Scatter! Security! Security!

The darkened compartment was suddenly jammed with scurrying figures. Somebody grabbed Matty’s wrist and Sylvanus’ voice yelled “This way” in his ear. They squeezed through the after hatch and then Matty was diving down the long passageways, silentIy dodging Security’s light beams. Then he felt the short hairs rise on the back of his neck. It wasn’t Security who was after him. The lights were sticking with him too long, they were too persistent. Usually, Security’s aim was to break up the game, not to capture and hold for trial all those who had attended.

He banked at the next bulkhead, gathered his legs under him, and dove down a Vertical through shaft, starting the long fall towards the center of the ship. He caught at the hand-holds of a ledge a dozen decks down and swung himself onto another level, quietly avoiding making noise. Nobody was following him.

It was then that he became aware Sylvanus wasn’t with him. The idea that something must have happened to Silly didn’t occur to him; he concluded that Sylvanus had taken another through shaft and had probably beat him to the home compartment. He started walking down the passageway.

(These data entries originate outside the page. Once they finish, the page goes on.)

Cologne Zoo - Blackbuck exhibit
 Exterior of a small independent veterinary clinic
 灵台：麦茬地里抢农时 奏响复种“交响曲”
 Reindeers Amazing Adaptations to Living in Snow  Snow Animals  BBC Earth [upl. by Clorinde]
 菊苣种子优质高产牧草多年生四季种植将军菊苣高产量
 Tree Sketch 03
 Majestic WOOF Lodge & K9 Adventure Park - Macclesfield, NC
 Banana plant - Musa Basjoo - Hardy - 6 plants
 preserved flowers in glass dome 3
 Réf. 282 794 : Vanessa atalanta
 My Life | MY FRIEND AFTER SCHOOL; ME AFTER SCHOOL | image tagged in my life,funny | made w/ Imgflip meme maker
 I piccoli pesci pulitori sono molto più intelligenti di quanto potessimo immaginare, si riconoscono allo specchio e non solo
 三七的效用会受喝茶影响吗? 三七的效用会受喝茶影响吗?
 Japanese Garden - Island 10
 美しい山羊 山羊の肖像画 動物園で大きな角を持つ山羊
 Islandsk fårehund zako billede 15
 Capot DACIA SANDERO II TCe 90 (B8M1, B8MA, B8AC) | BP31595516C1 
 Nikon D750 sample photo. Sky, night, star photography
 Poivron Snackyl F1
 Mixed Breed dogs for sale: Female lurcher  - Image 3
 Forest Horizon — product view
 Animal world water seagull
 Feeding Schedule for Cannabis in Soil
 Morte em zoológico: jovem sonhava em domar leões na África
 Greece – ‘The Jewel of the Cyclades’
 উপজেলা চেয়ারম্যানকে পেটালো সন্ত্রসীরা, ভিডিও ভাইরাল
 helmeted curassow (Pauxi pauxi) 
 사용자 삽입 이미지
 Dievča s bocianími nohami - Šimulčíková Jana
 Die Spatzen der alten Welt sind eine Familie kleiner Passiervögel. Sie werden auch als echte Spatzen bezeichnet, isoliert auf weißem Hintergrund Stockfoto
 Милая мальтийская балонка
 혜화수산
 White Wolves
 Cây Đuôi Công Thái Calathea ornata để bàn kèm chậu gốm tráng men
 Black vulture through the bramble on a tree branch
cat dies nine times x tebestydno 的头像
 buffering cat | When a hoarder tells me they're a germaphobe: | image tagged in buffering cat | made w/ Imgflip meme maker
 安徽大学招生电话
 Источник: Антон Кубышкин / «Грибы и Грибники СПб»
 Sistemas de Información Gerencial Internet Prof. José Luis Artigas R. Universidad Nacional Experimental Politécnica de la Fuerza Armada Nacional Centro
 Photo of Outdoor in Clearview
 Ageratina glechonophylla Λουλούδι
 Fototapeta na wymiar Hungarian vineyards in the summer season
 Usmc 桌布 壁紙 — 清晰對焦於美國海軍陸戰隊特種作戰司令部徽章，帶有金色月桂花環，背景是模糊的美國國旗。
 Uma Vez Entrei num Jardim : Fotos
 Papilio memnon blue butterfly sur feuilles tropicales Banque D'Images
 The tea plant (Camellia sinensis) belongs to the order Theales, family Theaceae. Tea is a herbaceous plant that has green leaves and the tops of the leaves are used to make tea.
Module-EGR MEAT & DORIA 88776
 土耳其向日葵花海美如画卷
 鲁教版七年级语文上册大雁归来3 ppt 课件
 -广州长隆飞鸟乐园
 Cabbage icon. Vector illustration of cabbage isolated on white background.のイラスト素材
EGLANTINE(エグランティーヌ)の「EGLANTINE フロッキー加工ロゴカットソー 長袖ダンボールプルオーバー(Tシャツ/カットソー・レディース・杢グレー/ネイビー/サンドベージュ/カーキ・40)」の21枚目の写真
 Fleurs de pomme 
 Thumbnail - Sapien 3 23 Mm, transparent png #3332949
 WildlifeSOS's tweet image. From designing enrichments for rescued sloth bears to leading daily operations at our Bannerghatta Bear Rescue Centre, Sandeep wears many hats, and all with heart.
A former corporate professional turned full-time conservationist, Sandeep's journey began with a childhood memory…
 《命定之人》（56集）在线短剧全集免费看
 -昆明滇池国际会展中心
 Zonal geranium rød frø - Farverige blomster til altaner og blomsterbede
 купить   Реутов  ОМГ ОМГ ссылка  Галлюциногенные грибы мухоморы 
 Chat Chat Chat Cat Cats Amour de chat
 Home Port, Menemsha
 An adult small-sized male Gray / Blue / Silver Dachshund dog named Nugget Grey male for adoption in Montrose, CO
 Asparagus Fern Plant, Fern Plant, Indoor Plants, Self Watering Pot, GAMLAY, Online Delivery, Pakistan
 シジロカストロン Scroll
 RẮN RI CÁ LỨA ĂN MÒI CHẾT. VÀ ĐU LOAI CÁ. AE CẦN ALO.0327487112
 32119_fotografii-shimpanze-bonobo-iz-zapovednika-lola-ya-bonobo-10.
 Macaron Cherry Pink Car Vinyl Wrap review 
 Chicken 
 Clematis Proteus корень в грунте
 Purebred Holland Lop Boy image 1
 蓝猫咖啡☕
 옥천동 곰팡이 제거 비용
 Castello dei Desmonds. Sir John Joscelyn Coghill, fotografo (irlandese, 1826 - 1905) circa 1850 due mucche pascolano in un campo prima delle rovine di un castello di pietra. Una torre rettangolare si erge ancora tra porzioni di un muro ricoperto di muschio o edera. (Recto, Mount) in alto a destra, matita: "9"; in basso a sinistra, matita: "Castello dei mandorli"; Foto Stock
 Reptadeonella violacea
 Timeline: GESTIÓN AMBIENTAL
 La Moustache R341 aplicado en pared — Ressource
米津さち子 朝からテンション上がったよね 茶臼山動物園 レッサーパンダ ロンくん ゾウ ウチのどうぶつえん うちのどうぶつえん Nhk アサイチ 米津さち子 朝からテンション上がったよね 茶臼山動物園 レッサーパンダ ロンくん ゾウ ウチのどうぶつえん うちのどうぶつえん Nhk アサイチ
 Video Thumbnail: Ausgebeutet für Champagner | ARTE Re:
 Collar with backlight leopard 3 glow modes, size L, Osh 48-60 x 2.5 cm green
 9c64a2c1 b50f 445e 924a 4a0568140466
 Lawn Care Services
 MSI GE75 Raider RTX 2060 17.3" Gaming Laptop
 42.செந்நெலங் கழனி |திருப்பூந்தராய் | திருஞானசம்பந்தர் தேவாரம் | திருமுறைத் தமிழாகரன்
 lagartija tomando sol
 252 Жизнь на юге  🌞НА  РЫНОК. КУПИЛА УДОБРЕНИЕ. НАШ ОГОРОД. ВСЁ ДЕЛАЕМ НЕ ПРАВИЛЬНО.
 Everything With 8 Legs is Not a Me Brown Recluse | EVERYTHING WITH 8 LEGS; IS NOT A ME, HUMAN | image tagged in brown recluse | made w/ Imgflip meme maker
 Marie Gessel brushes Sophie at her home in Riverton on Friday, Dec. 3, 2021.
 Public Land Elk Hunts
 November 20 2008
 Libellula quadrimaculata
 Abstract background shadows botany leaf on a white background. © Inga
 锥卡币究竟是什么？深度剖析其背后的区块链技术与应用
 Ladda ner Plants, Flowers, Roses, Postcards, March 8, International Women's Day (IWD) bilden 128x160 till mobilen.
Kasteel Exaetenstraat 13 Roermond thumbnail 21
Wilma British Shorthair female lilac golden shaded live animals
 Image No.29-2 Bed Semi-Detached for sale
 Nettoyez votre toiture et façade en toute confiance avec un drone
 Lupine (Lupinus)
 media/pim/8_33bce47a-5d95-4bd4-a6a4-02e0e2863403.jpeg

The red light was winking on the speak-box just above his sponge rubber pallet. Matty noticed with a slight stirring of fear that Sylvanus wasn’t back yet, then turned the box on low so it wouldn’t waken the Reynolds.

The speaker rasped with the voice of the Predict. “Come into the office, Matty. I want to talk to you.”

He hesitated, then let his face slip into a defiant expression and took the Walk down to the Predict’s compartment.

The Predict stood behind the desk, dressed in his odd lounging robe and what he called pajamas, tapping the tobacco in his pipe. Matty expected a minor dressing-down, then praise for his prowess in the slit games, as was customary for other contestants to receive when their parents apprehended them.

Joseph Smith’s face was grim and distant. He looked at Matty with disgust, then reached behind the desk and threw him a rag. “Wipe the grease off.” He followed it up with a small plastic bottle of alcohol. “That’s the last time you’ll be wearing grease for a slit game so do a good job.” Matty rubbed in the alcohol with a growing feeling of anxiety; he winced when it burned in his cuts.

“How old are slit players?” the Predict suddenly asked.

“My own age,” Matty mumbled, not caring to meet the tall man’s cold eyes.

“Do you know why they’re your own age and no older?”

“No sir.”

“Because only the very young and very foolish play slit. It draws spectators because it’s a good betting game, and people have always liked to gamble. And it amuses people to watch others slice themselves to ribbons. But perhaps you’re too young to know the difference between entertainment and amusement.”

Matty flushed. The biting sarcasm was worse than any punishment that could have been levied.

Joseph Smith fell silent for a moment, watching Matty work with the rag and the alcohol. Some of the cuts had started to bleed again but beyond a slight wince, (p. 28) the boy gave no sign that he felt them.

“I’ve tried to stamp the game out, Matty. Regardless of the actions of the infirmary assistants, it’s still a dangerous pastime.” He paused. “I don’t suppose I’ll ever succeed. Children” – Matty reddened at the word – ” your age have always done foolish and dangerous things for as long as I can remember. But it isn’t going to help when you become Director and the younger colonists recall you as a famous slit player.”

He abruptly changed the subject.

“How are your studies coming?”

“Not very good,” Matty answered sullenly.

Joseph Smith’s voice grew harder. “I know. You’re poor in math, you’re poor in science, you’re poor in danger drills. You’re good in sports, good in hunting. Maybe it’s my fault because I’ve emphasized the physical too much —but you had such a long way to go to catch up.”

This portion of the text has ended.